Mag es auch einen historischen Hintergrund geben, der Text der Bhagavadgita ist nicht als geschichtlich zu betrachten. Viele Hindus sehen ihn als Allegorie.

Eine mögliche und weit verbreitete Sichtweise ist, dass es sich um ein Zwiegespräch handelt zwischen der inneren Göttlichkeit, verkörpert durch Krishna, und der menschlichen Seele, die Arjuna darstellt.

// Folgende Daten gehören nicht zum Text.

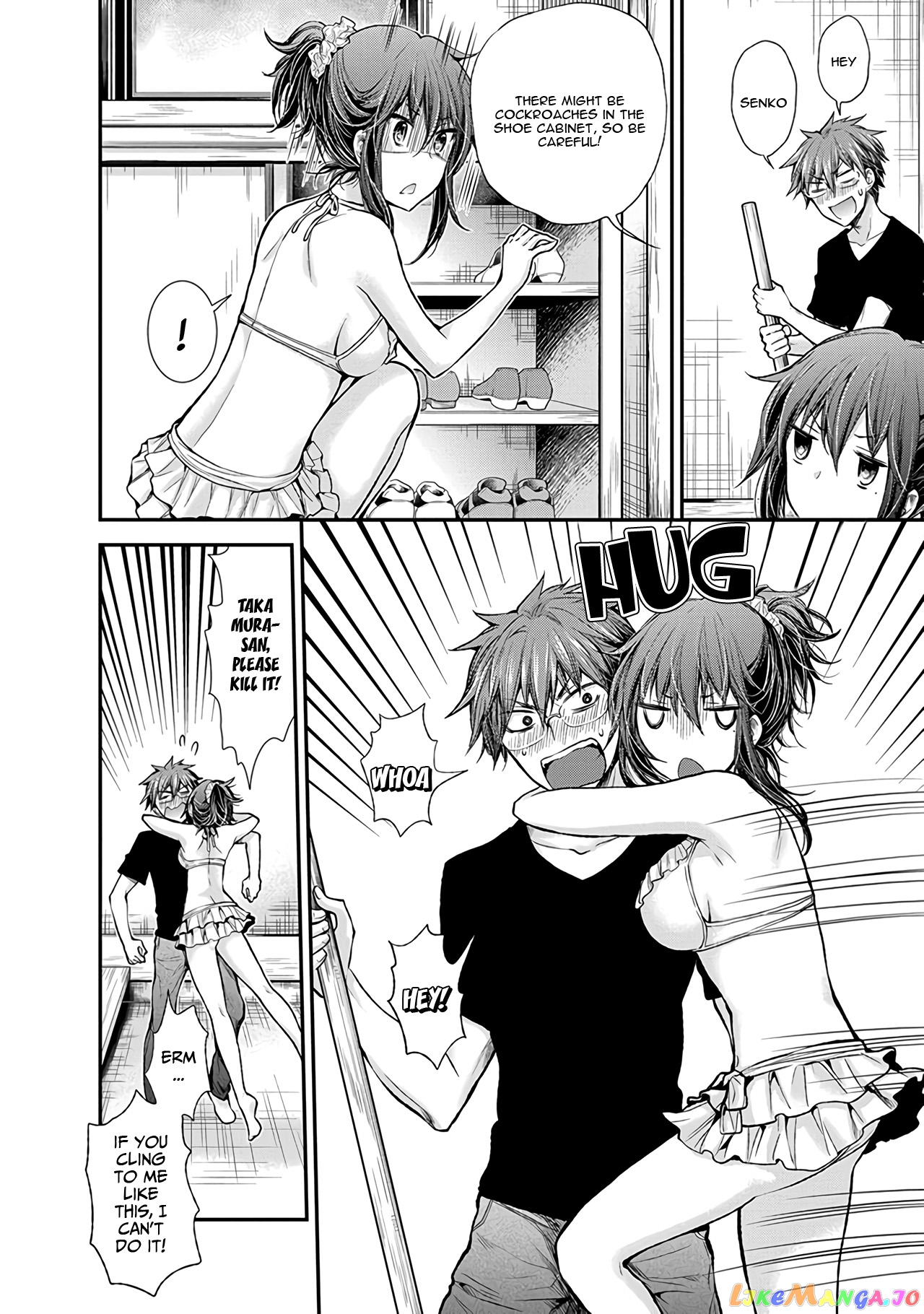 Henjyo - Hen na Jyoshi Kousei Amaguri Senko chapter 55 - page 17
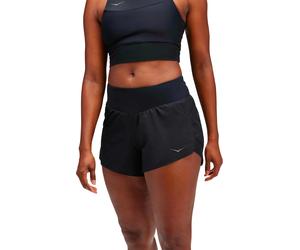 Hoka - Short de trail - W Glide 4'' Short Black pour Femme - Taille XS - Noir Noir XS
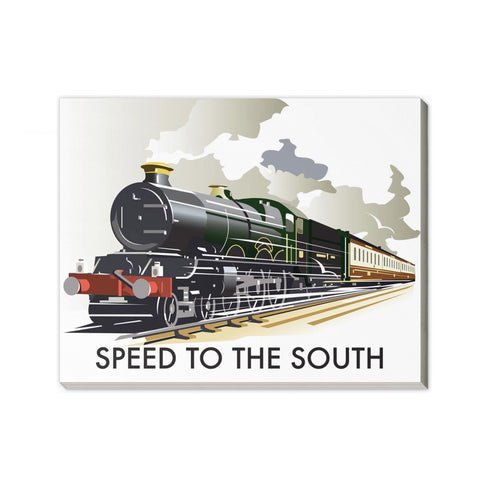 Speed to the South A6 Notepad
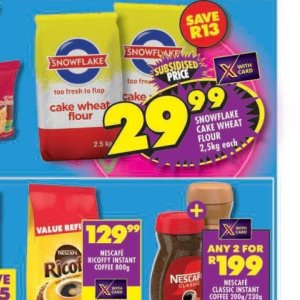 Flour at Shoprite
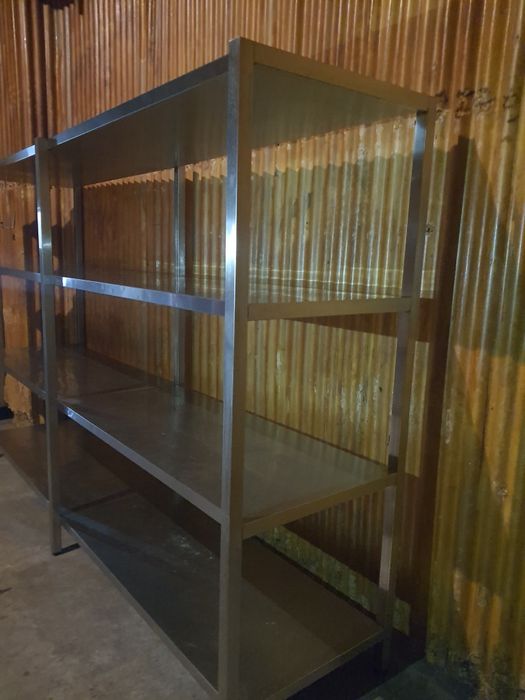 Estante Industrial Inox Reforçado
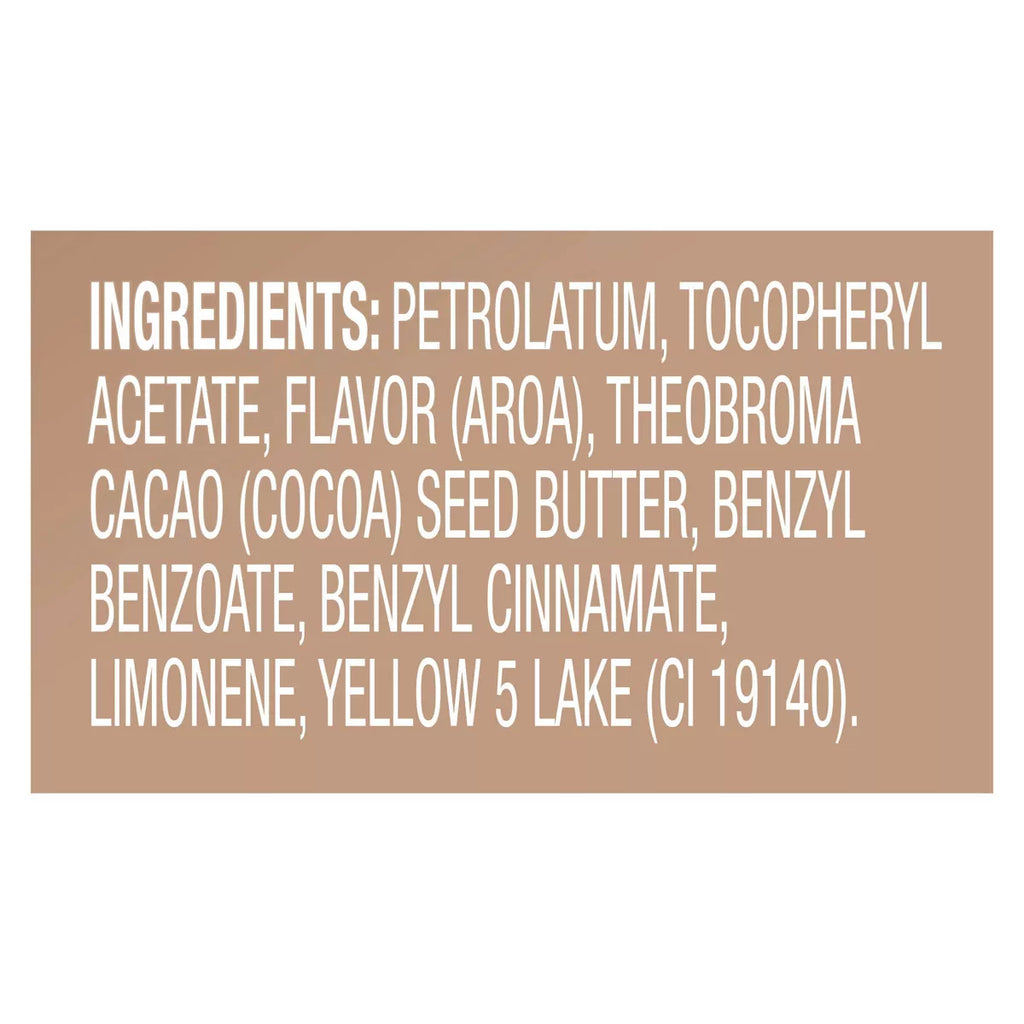 Vaseline Lip Therapy Mini Lip Balm - Cocoa Butter - Travel Size - 0.25Oz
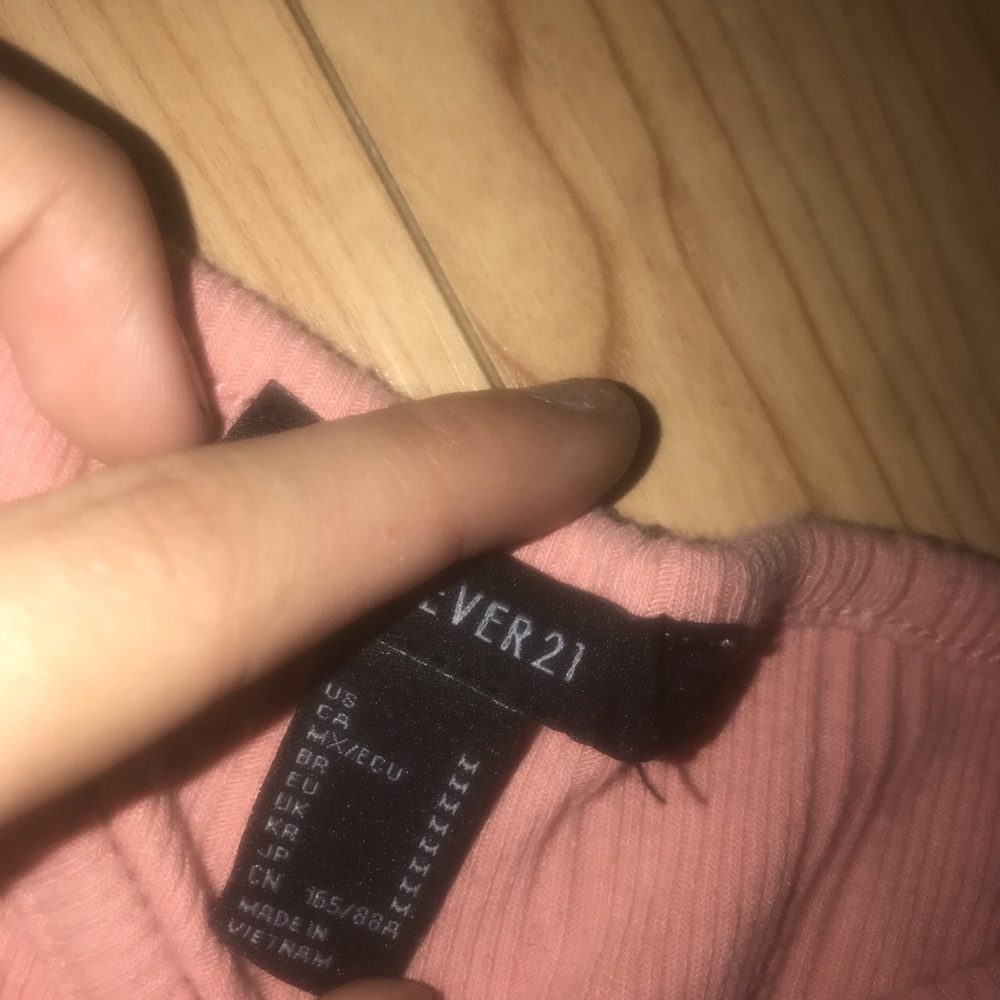 Pink Forever 21 Top - Picture 2 of 2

Neben dieser sich auf das Individuum beziehenden Deutung ist es möglich, der Bhagavadgita eine Deutung zu geben, die sich auf die Menschheit als Ganzes bezieht. In dieser evolutionären Anschauung ist die Schlacht ein Aufeinandertreffen der egoistischen Kräfte mit denen der Universellen Ordnung.


Textauszug der Bhagavadgita: 

Das Licht der Lichter heißt man es,
das jenseits alles Dunkels thront,
Erkennen und Erkenntnisziel,
in jedes Wesens Herz es wohnt.

Kein Mensch vermag jemals das Handeln
aufzugeben ganz, doch wer aufgibt den Wunsch nach Lohn,
der strahlt in des Verzichtes Glanz.

Nur Toren Handeln wahnbetört, dass ihnen werde Lohn zuteil,
die Weisen Handeln frei von Hang, allein nur für der Menschheit Heil.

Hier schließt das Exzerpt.